LexPress: Playing Parole Reversal

By Lily Henning

Posted 10-06-06

Judge Friedman deems "irrational" a septuagenarian's continued incaceration, feminists fight no-fault, and a pair of terror-related cases advance. 

 

PAROLE REVERSAL
One of the key witnesses in the Knapp Commission hearings on police corruption will go free, according to an order by Manhattan Supreme Court Judge Marcy Friedman. The story about William Phillips, who is serving 25 years to life for two murder counts and a count of attempted murder, is carried by both the Daily News and the Times (which carries an AP account). Friedman gave a stern reprimand to the state parole board, which has denied the 75-year-old Phillips his freedom four times, writing in her decision that the rejection of Phillips's latest parole request was “so irrational as to border on impropriety.”

 

NO FAULT FRACAS
Andy Humm has a piece over at Gotham Gazette on talk in Albany about introducing “no fault” divorces in the Empire State and how two women’s groups have stalled such a move. New York is the only state in the country that doesn’t allow for such divorces — which can be issued without “grounds” such as adultery or abandonment. Chief Judge Judith Kaye has been a strong advocate of no-fault actions. Stay tuned.

 

TERROR VICTIMS' SUIT PROCEEDS
U.S. District Judge Charles Sifton in Brooklyn again refused to dismiss a lawsuit alleging that a European bank knowingly provided financial services to charities allegedly controlled by a terrorist organization, the New York Sun briefly reports. Credit Lyonnais, the major French bank, had asked for the dismissal of the suit, which was filed by families of Americans who were victims of violence in Israel linked to Hamas.


TERRITORIAL TERROR TUSSLE
A British judge ruled for the extradition to America of a former New York resident. The accused allegedly provided military equipment to a group that ultimately delivered it to Al Qaida. Syed Hashmi was indicted in Manhattan federal court in May and will return to the United States if British Home Secretary John Reid gives the extradition order a final stamp of approval. The AP reports, via The New York Times, that Hashmi has lived in Britain since 2003 and was arrested at Heathrow Airport in June when he tried to travel to Pakistan on an expired student visa.

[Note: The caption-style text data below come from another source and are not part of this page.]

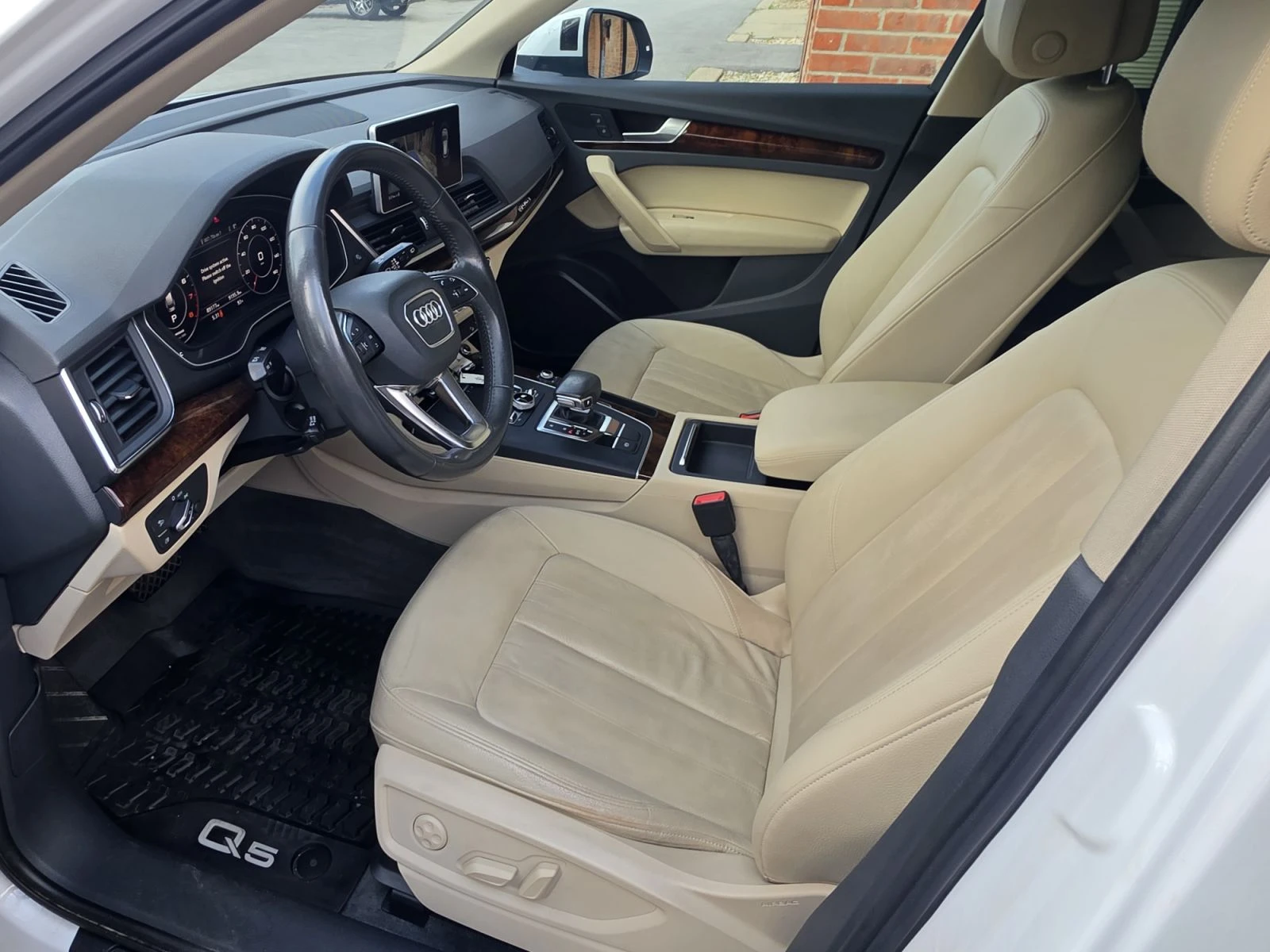 Audi Q5 PREMIUM PLUS, снимка 11 - Автомобили и джипове - 55349415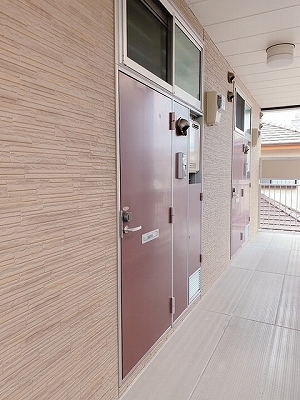 レオパレスブランシュヴァルⅢ 玄関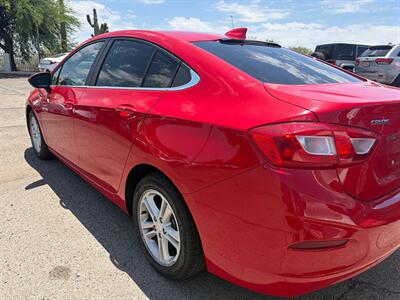 2017 Chevrolet Cruze LT Auto   - Photo 2 - Tucson, AZ 85710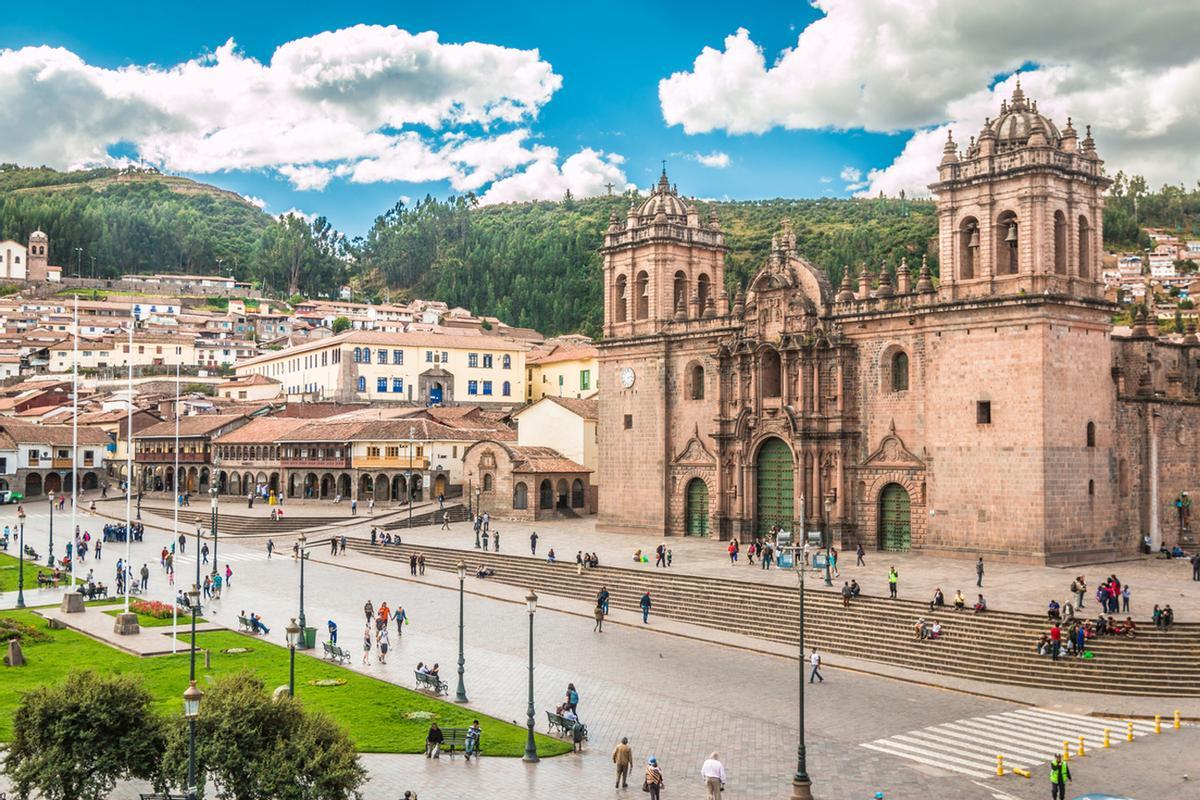La Catedral de Cusco preside la Plaza de Armas, corazón monumental de la antigua capital inca.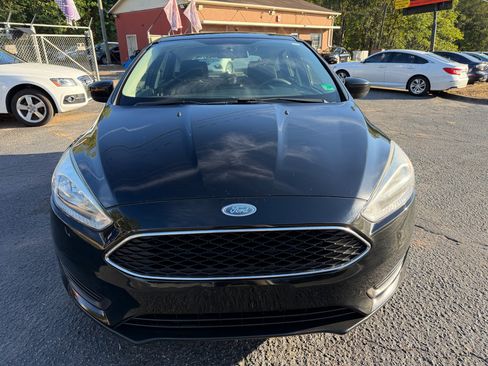 Used 2018 Ford Focus SE image 2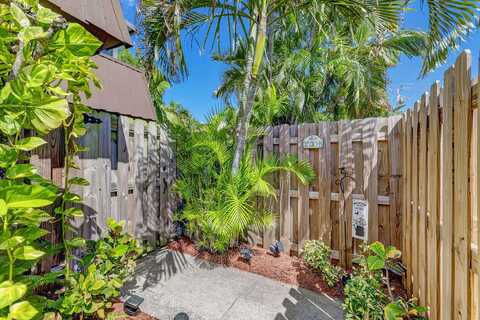 3530 E Gardens B Drive E, Palm Beach Gardens, FL 33410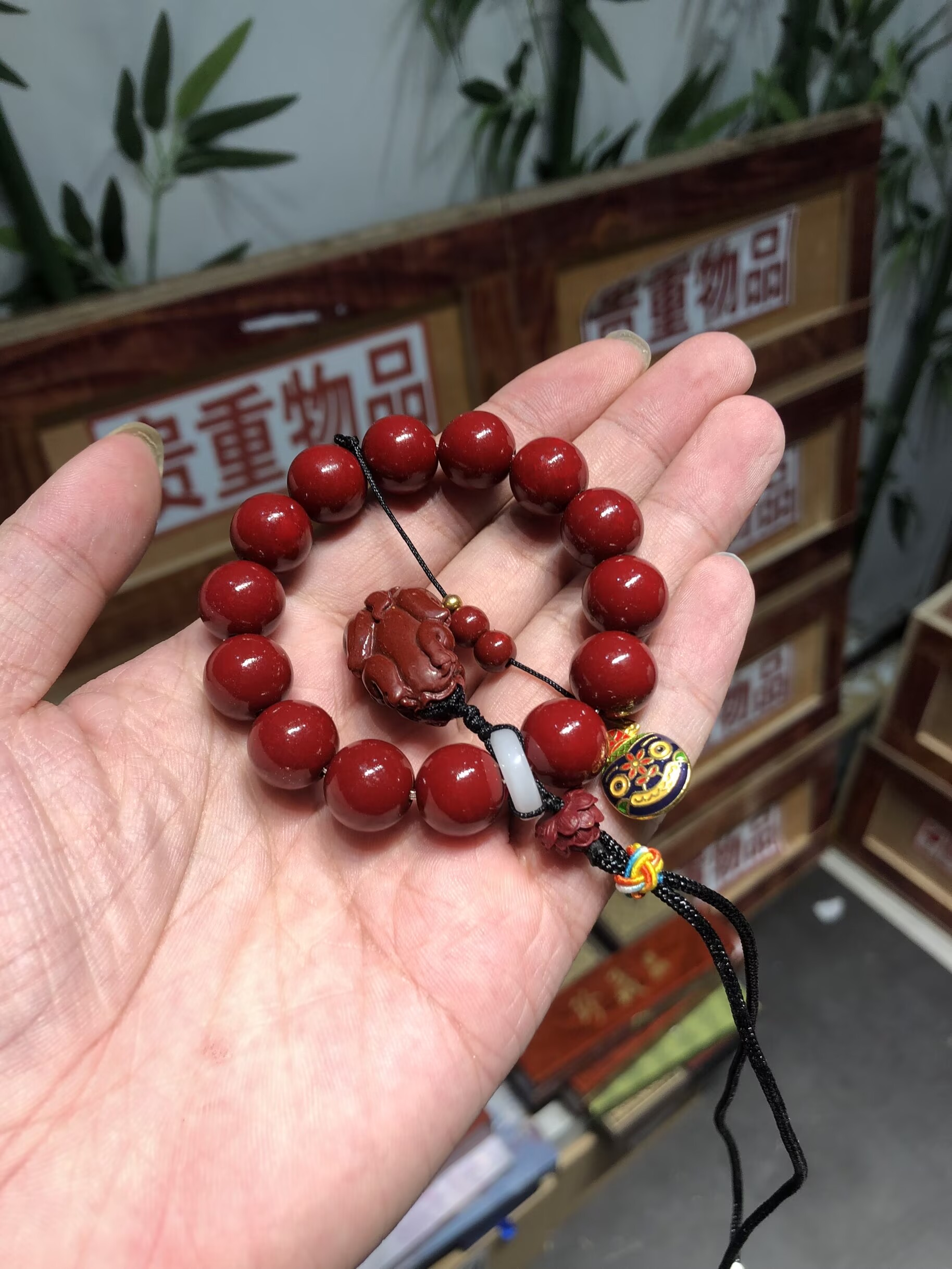 含辰砂工艺品精品朱砂手把无礼盒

The story doesn’t make clear whether British and U.S. authorities were cooperating on the investigation from the start. It’s a little confusing that he was reportedly indicted in New York a month prior to his arrest in London. “The defendant was arrested here, he was here and, save in the most tenuous way, this case has absolutely nothing to do with the Americans,” said Hashmi’s lawyer, Mark Summers.

Post a comment

(If you haven't left a comment here before, you may need to be approved by the site owner before your comment will appear. Until then, it won't appear on the entry. Thanks for waiting.)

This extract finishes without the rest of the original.